The Chinese government halted any kind of initial public offerings in an effort to diminish its worst stock market plunge in the last 23 years, after numbers show that stock value has dropped by about 20 percent in the last couple of weeks. According to Securities Association of China, 21 of the country’s top brokerages will also invest the equivalent of $19.3 billion in an effort to stabilize the market and avoid a crash which could have dramatic consequences on the country’s economy.
About twenty-eight companies which recently went public have suspended initial public offerings on Saturday per order of China’s State Council. No information has been revealed on how long will the suspension be in place, but companies who already begun the IPO process will return funds to investors on Monday morning.

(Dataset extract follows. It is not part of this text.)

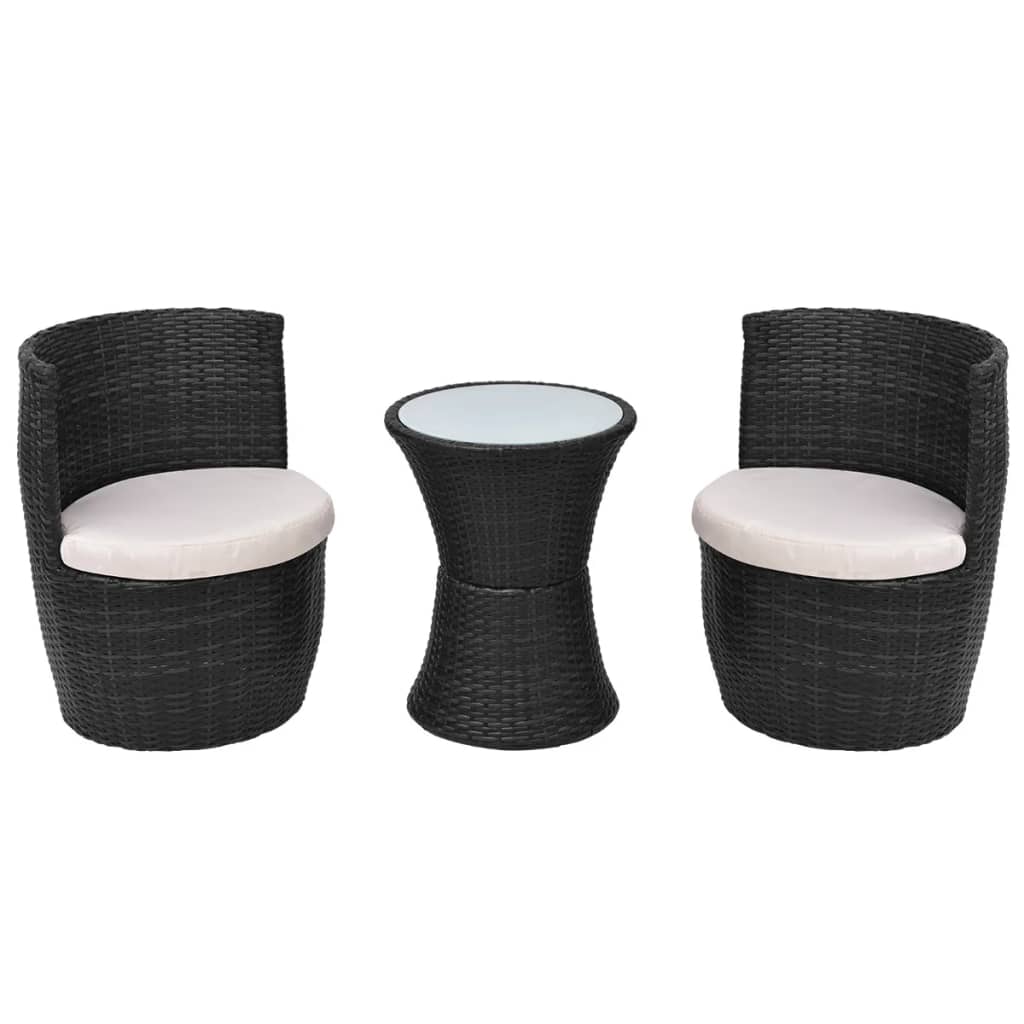 3-delige Bistroset met kussens poly rattan zwart is nu te koop bij PeponiXL, paradijselijk wonen!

This comes as analysts are starting to fear that the stock market fall could generate a financial crisis, with the state making major market and trading related announcements every day last week. Over 90 million investors have been hit with a 29 percent decline in the Shanghai Composite Index – representing the measurement of all stocks which are traded at Shanghai’s Stock Exchange, the country’s largest stock market – which amounts to more than $3.2 trillion in investor wealth being erased.
Regulator measures, such as threatening to thoroughly investigate market manipulation, have yet to steep the decline. The Communist Party’s official newspaper, People’s Daily, has stated that immediate effect upon the market is unlikely and that such stabilization efforts require time to have a substantial impact. It also called out for investors to avoid panicking and judge the situation cold and patiently.
The 21 brokers who plan the investment have also pledged to not reduce the level of proprietary trading until the Shanghai Composite Index will be back at over 4,500; when trading hours closed on Friday, it measured 3,686.92.
However, financial experts have doubts on what real impact if any will the $19.3 billion, equivalent to 120 billion yuans, will have on a market with a turnover of nearly 2 trillion yuans per day.
The state might prove to be necessary ally in this situation, after last week major companies such as PetroChina or the Industrial & Commercial Bank of China had their stocks surge after investments which were reportedly handled with state funds. However, this did not stop the Shanghai Index from dropping 12 percent last week alone.